Problem requirements ▸ The lines to transcribe begin with the one containing "Full view of" and end with the last line below; reproduce them exactly, without the pictures.

============================================================

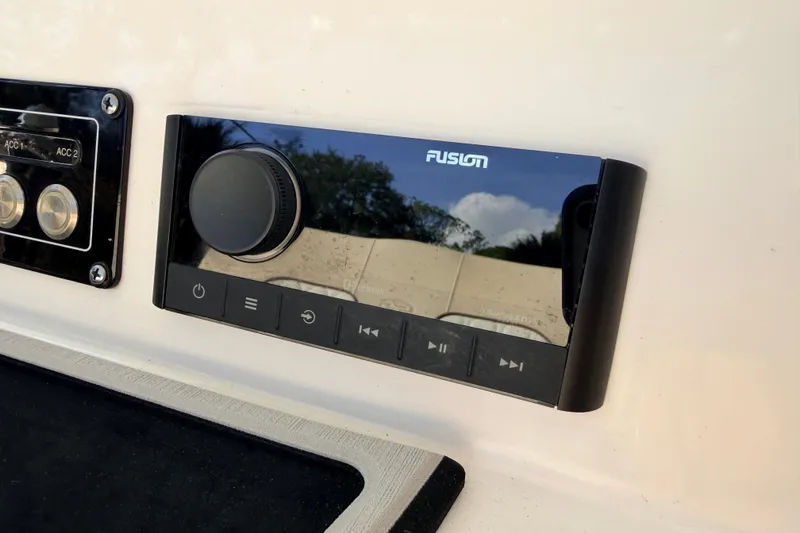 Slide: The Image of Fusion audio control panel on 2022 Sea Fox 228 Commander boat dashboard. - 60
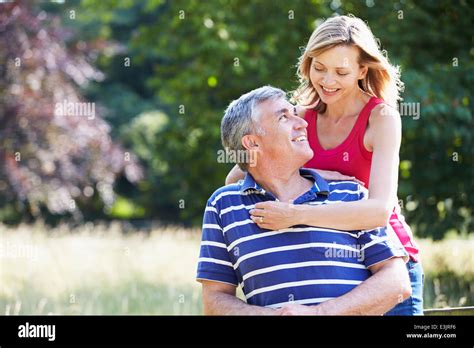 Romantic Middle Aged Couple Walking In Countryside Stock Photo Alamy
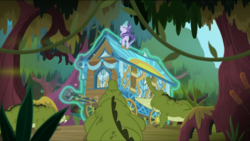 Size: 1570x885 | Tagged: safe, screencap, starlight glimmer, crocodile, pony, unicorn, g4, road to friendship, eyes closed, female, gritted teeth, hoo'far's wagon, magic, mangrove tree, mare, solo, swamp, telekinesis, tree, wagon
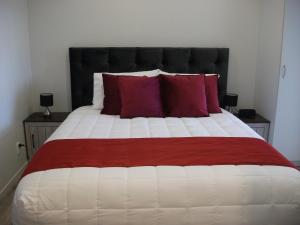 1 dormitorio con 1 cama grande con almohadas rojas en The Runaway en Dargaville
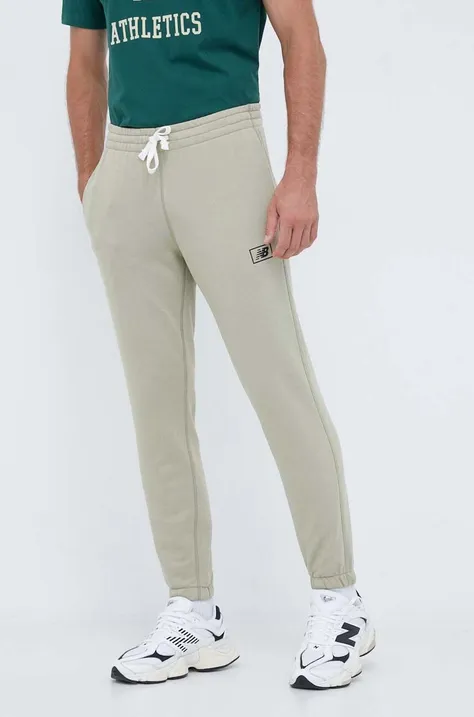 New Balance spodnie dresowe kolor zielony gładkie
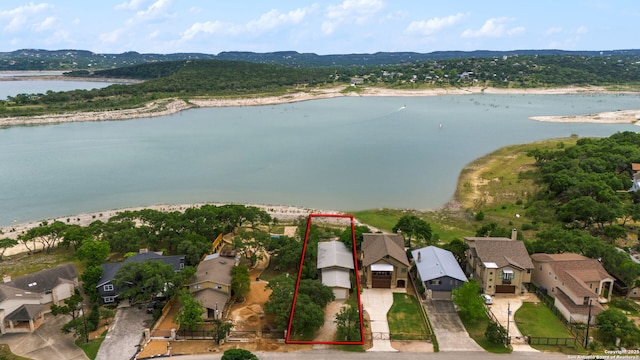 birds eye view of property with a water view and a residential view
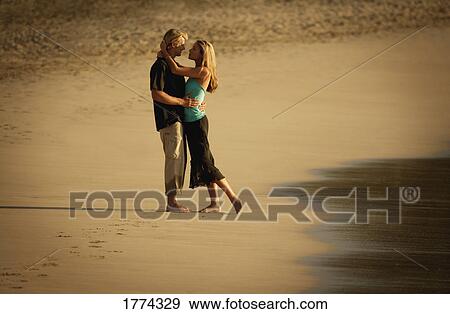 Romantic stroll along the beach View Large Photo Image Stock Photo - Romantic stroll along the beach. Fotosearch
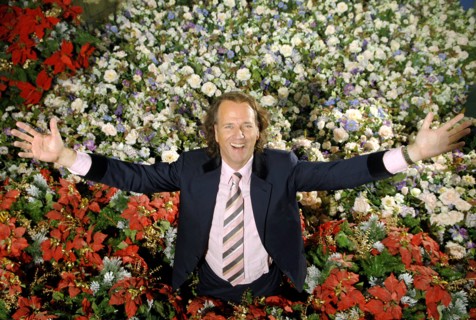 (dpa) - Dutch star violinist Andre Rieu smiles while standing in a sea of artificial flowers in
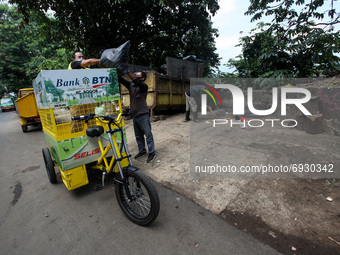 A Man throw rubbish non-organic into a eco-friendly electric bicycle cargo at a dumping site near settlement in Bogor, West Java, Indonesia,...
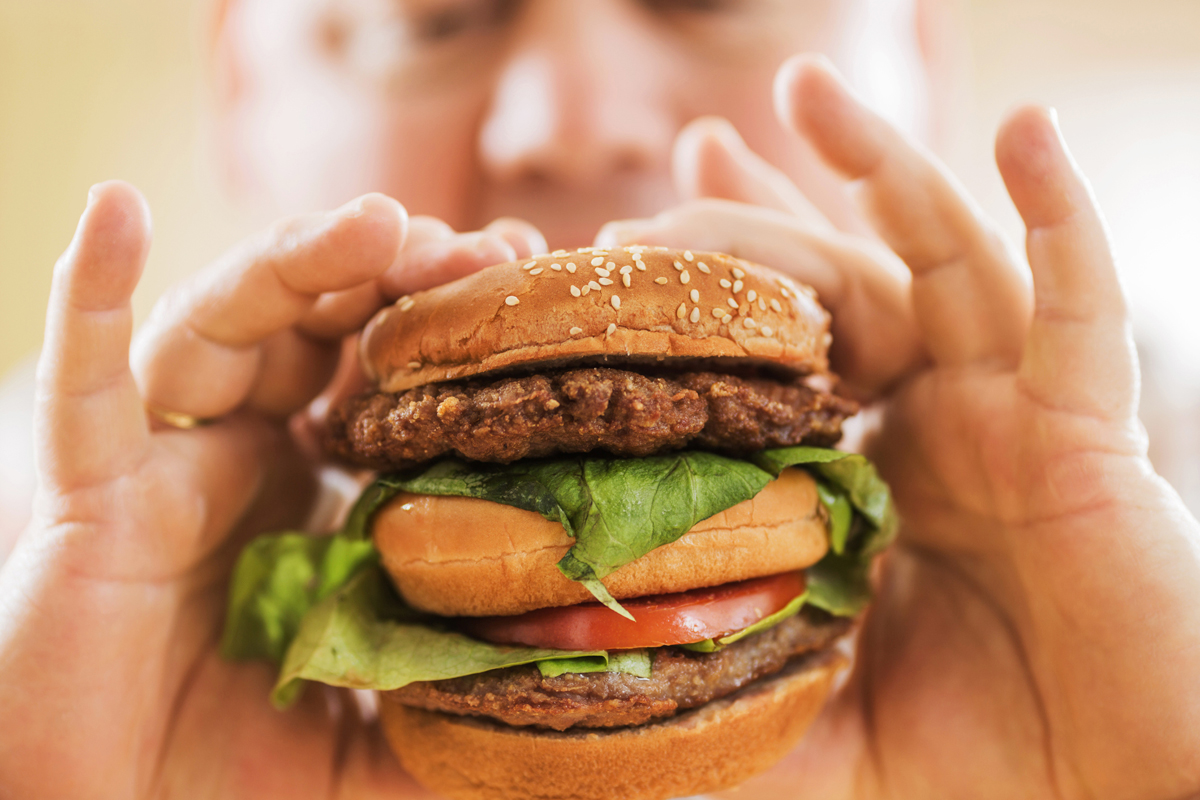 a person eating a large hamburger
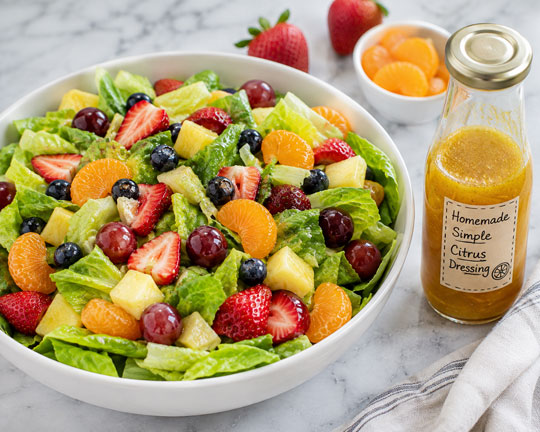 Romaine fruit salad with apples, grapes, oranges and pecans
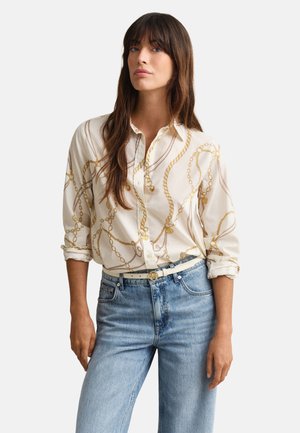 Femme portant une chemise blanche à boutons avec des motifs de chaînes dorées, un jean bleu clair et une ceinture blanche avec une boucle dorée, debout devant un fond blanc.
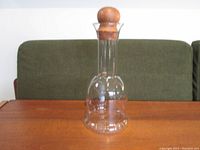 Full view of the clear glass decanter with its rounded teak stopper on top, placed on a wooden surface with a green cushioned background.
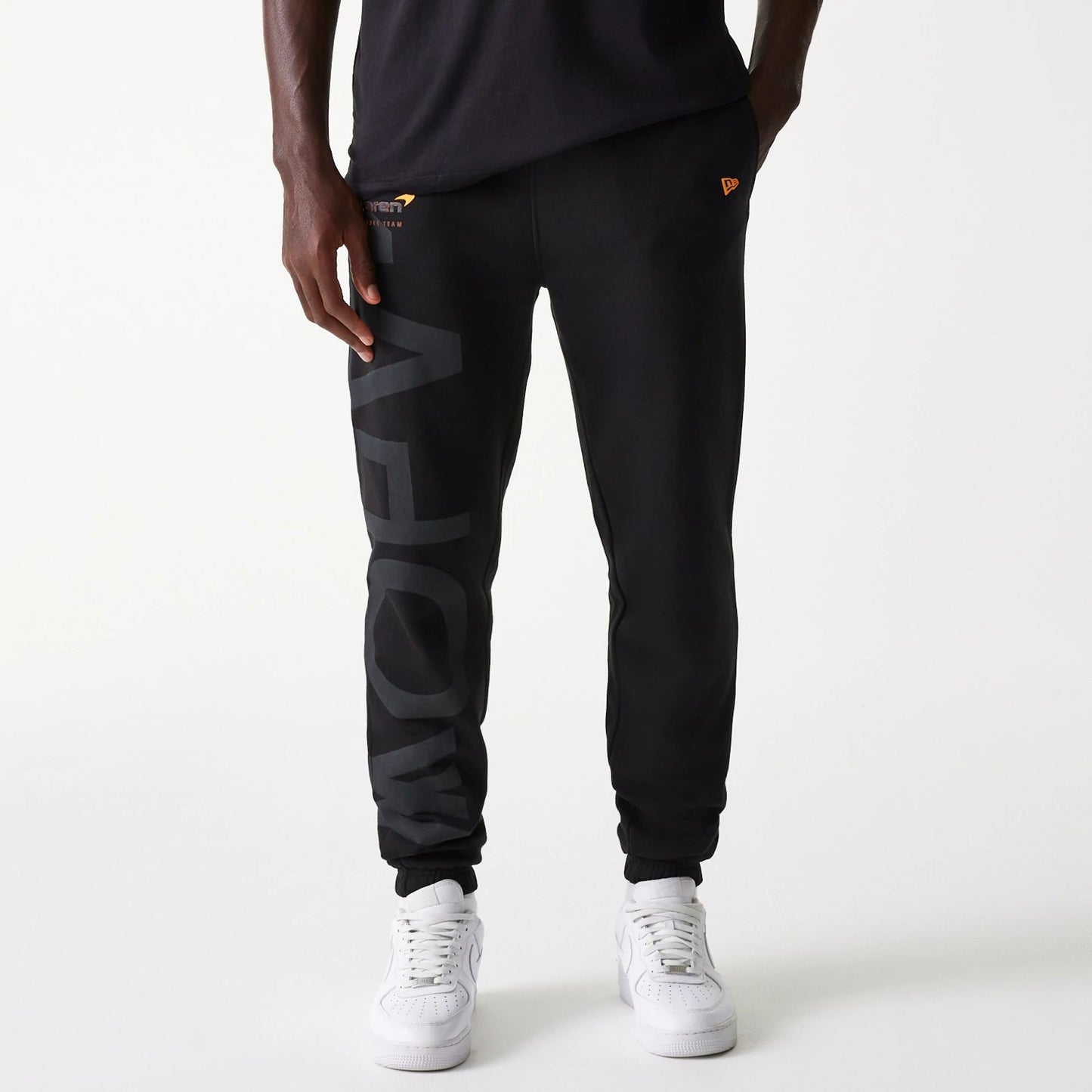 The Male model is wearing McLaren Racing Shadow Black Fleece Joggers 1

============================================================

Written answer ▸
 Full view of the clear glass decanter with its rounded teak stopper on top, placed on a wooden surface with a green cushioned background.
 The Male model is wearing McLaren Racing Shadow Black Fleece Joggers 1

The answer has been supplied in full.